# Your assignment:
Under no circumstances alter the records; copy each one exactly.

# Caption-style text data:

◇ ◇ ◇ ◇ ◇

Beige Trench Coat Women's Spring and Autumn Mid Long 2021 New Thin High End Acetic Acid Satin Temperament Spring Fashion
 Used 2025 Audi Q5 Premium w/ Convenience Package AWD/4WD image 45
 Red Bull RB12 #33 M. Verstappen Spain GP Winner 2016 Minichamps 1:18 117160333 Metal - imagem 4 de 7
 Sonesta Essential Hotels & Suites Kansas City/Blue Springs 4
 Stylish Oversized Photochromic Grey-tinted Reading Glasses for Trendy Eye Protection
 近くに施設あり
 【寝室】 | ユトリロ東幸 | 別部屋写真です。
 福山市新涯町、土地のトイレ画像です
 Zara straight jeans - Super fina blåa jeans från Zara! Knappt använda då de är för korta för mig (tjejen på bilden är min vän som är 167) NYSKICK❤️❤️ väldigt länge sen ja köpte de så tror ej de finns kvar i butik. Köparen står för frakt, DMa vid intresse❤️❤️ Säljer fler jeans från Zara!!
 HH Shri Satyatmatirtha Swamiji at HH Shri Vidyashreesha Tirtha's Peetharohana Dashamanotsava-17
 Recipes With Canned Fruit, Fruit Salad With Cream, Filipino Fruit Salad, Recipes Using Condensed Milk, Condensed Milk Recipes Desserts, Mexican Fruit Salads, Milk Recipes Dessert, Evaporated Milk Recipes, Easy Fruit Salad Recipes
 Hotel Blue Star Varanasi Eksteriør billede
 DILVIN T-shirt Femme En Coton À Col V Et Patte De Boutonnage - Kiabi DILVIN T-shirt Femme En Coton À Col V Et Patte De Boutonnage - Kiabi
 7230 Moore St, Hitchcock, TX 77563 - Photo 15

◇ ◇ ◇ ◇ ◇

# Problem solution:
Beige Trench Coat Women's Spring and Autumn Mid Long 2021 New Thin High End Acetic Acid Satin Temperament Spring Fashion
 Used 2025 Audi Q5 Premium w/ Convenience Package AWD/4WD image 45
 Red Bull RB12 #33 M. Verstappen Spain GP Winner 2016 Minichamps 1:18 117160333 Metal - imagem 4 de 7
 Sonesta Essential Hotels & Suites Kansas City/Blue Springs 4
 Stylish Oversized Photochromic Grey-tinted Reading Glasses for Trendy Eye Protection
 近くに施設あり
 【寝室】 | ユトリロ東幸 | 別部屋写真です。
 福山市新涯町、土地のトイレ画像です
 Zara straight jeans - Super fina blåa jeans från Zara! Knappt använda då de är för korta för mig (tjejen på bilden är min vän som är 167) NYSKICK❤️❤️ väldigt länge sen ja köpte de så tror ej de finns kvar i butik. Köparen står för frakt, DMa vid intresse❤️❤️ Säljer fler jeans från Zara!!
 HH Shri Satyatmatirtha Swamiji at HH Shri Vidyashreesha Tirtha's Peetharohana Dashamanotsava-17
 Recipes With Canned Fruit, Fruit Salad With Cream, Filipino Fruit Salad, Recipes Using Condensed Milk, Condensed Milk Recipes Desserts, Mexican Fruit Salads, Milk Recipes Dessert, Evaporated Milk Recipes, Easy Fruit Salad Recipes
 Hotel Blue Star Varanasi Eksteriør billede
 DILVIN T-shirt Femme En Coton À Col V Et Patte De Boutonnage - Kiabi DILVIN T-shirt Femme En Coton À Col V Et Patte De Boutonnage - Kiabi
 7230 Moore St, Hitchcock, TX 77563 - Photo 15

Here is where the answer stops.